Even when I was 20 I couldn't pull 5.12. However, I've been able to successfully do harder "5.11" at my gym. I don't think that will translate to rocks... I could be way, way off base, but the 5.10s in my gym feel a lot like I remember the 5.8s I used to climb back in the day.

So I am super curious how this gym work will convert to climbing in the larger world. Ultimately my goal is to be able to do things like the casual route on the diamond, so I am not aiming to do super hard routes, just committed stuff that takes a lot of skills. I just got a rope and some draws, though, so I'll be seeing how the gym translates to actual rock over the next couple of weeks.

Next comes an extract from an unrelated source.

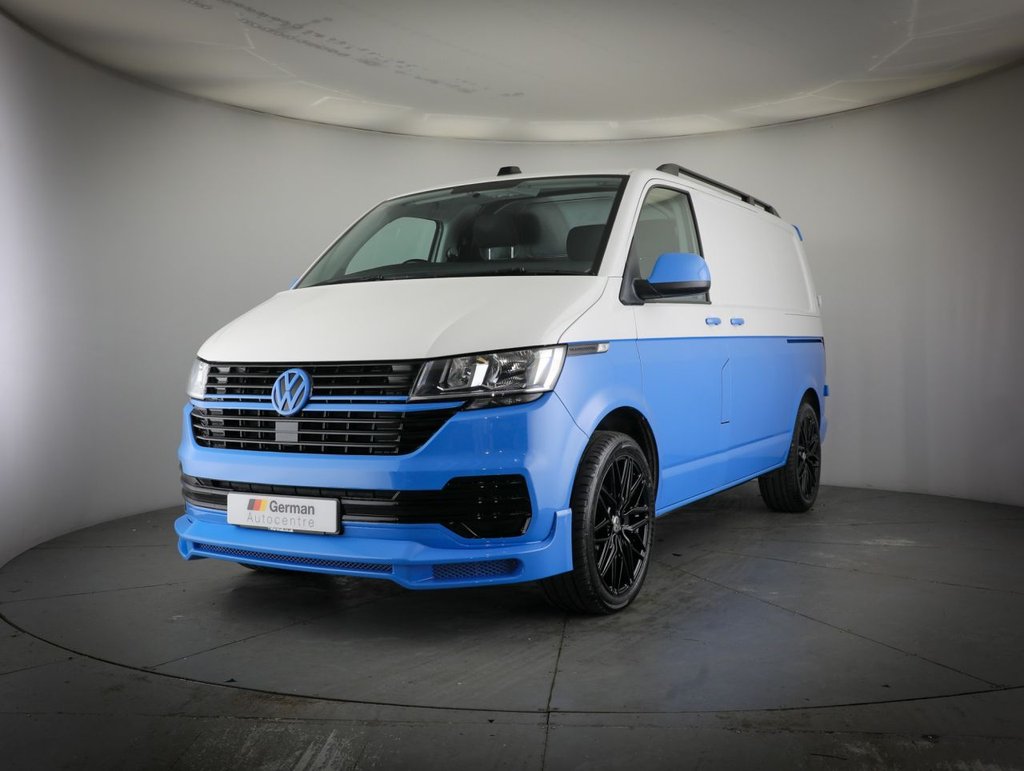 Used Volkswagen Transporter 2022 for sale - 77239346: Photo 19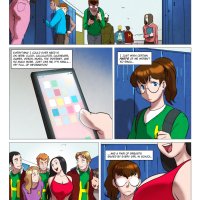 Untapped Potential- ExpansionFan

When you have many years of climbing under your belt, and you have a deep well of muscle memory to draw from, pulling at your absolute limit becomes a matter of will.

It's really apparent with someone like Adam Ondra, who has been climbing hard for 20 years. He'll get spit off of a problem a half dozen times and then suck up these elemental forces of nature and crank through it. I mean, he's a genetic freak amongst the upper eschelons of strong, he's more flexible than any top climber today, his ability to climb swiftly with technical precision is the best I've ever seen, but the real X factor that puts him head and shoulders above the rest might just be that he tries harder than anyone else.


You might benefit from reading Eric Horst's Maximum Climbing [0]; it covers precisely this just-pull-harder mentality and provides exercises to unlock it.